Now consider a subset of cardinal four that is a complete subgraph, say $x,y,z,w$ with $x,y,z$ as above. If by contradiction $x\sh w$, then $y\sh w$. The triangle $zxw$ has edge labels p, h, hence the third label is v, namely $z\sv w$, and hence $y\sv w$ by transitivity. So both $y\sh w\sv y$, so $w=y$, contradiction.

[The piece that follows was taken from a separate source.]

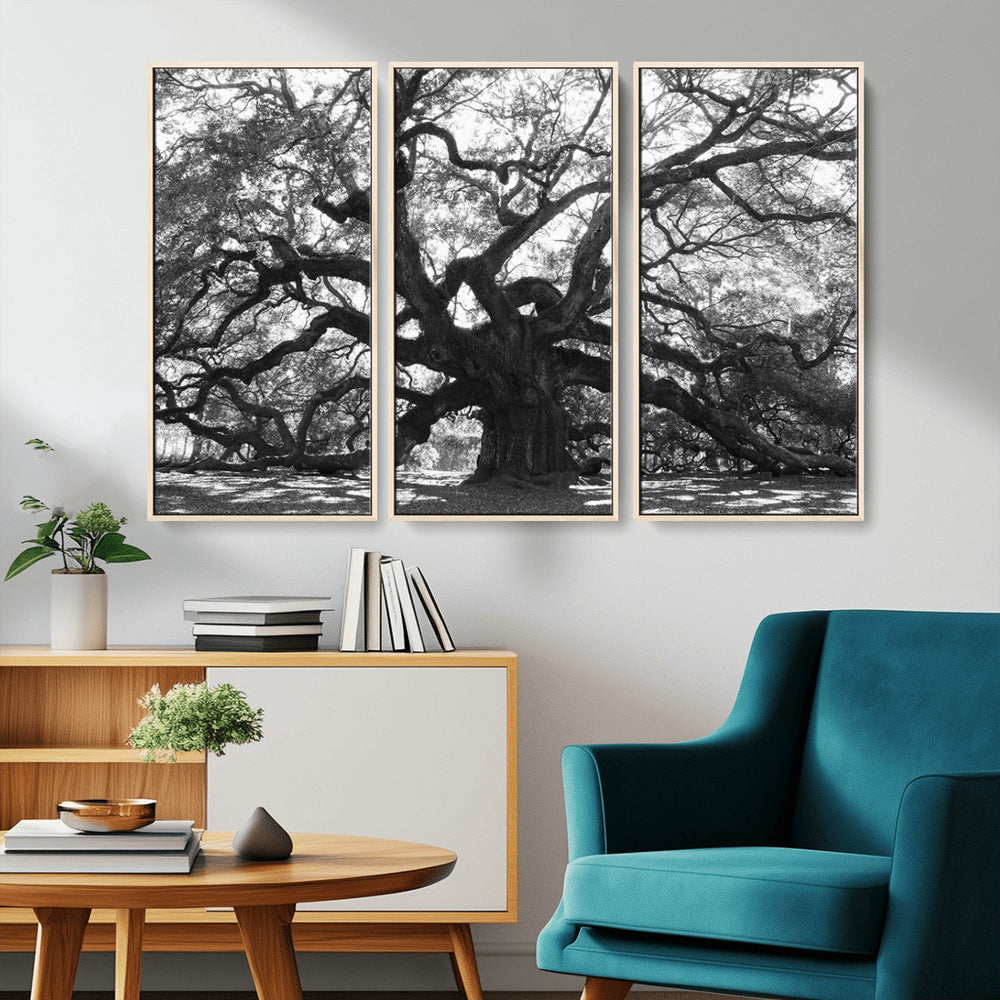 Ancient Oak Wall Art Canvas Print, Majestic Twisted Branches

We get a similar contradiction if $x\sp w$. So eventually $x\sv w$, $y\sp w$, $z\sh w$. In particular, we see that the labels in the three edge from $x$ are distinct.
We deduce that every complete subgraph of cardinal $\ge 5$ is pure. This allows to characterize, if $|G|\ge 5$, the pure equivalences classes as the maximal complete subgraphs of cardinal $\ge 5$. It follows that for every graph isomorphism $X_G\to X_H$, for $G$, $H$ of cardinal $\ge 5$, the isomorphism permutes the three equivalence relations in some way.

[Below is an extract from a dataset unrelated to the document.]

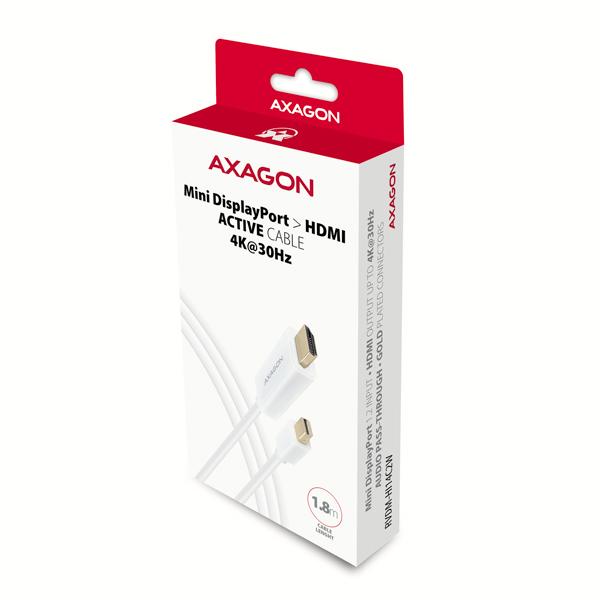 AXAGON RVDM-HI14C2W,  Mini DisplayPort > HDMI 1.4 redukcie /  kábel 1.8 m,  4K/ 30 Hz,  biela6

Now let us observe some symmetries. First, $G\times G$ acts transitively on this graph as $(g,h)(a,b)=(ga,bh^{-1})$ (call this "translation"). Second, there are automorphisms permuting the 3 relations: precisely, $(a,b)\mapsto (b^{-1},a^{-1})$ fixes $\sp$ and switches $\sh$ and $\sv$. Second, $(a,b)\mapsto (ab,b^{-1})$ preserves $\sh$ and switches $\sv$ and $\sp$.
Hence, for $G,H$ of cardinal $\ge 5$, if there is an isomorphism $X_G\to X_H$, then we can compose it by some automorphism of $X_H$ to ensure that it preserves each of the relations $\sh$, $\sv$, $\sp$. Moreover, composing by a translation ensures that it maps $(1_G,1_G)$ to $(1_H,1_H)$.
Now let $f$ be such an isomorphism $X_G\to X_H$. It preserves the $\sh$-class of $1$, hence maps $(g,1)$ to $(\sigma(g),1)$ for some bijection $\sigma:G\to H$. Similarly it maps $(1,g)$ to $(1,\psi(g))$ for some other bijection $\psi$.
For each $g$ have $(1,g)\sp (g,1)$, so $(1,\psi(g))=f(1,g)\sp f(g,1)=(\sigma(g),1)$, hence $\psi(g)=\sigma(g)$. Thus $\psi=\sigma$.
For $g,h\in G$, the element $(g,h)$ is uniquely characterized by the property $(g,1)\sv (g,h)\sh (1,h)$. So $(\sigma(g),1)=f(g,1)\sv f(g,h)\sh f(1,h)=(1,\sigma(h))$. Using uniqueness, we deduce $f(g,h)=(\sigma(g),\sigma(h))$.
Now $(g,h)\sp (gh,1)$, so $$(\sigma(g),\sigma(h))=f(g,h)\sp f(gh,1)=(\sigma(gh),1),$$ which means $\sigma(gh)=\sigma(g)\sigma(h)$. Since this holds for all $g,h$, this proves that $\sigma$ is a group homomorphism $G\to H$. Since it is bijective, it is an isomorphism.
It remains to deal with the case of order $4$ (of course if one of the two groups has order $4$, so does the other). In general, it is enough to count the number of non-pure complete subgraphs of cardinal 4 in a group $G$, containing $(1,1)$. By a straightforward argument, its elements have to have the form $(1,1)$, $(1,x)$, $(x,1)$, $(x,x)$ with $x$ of order $2$. Thus there are as many as elements of order $2$. This distinguishes between cyclic-4 and Klein.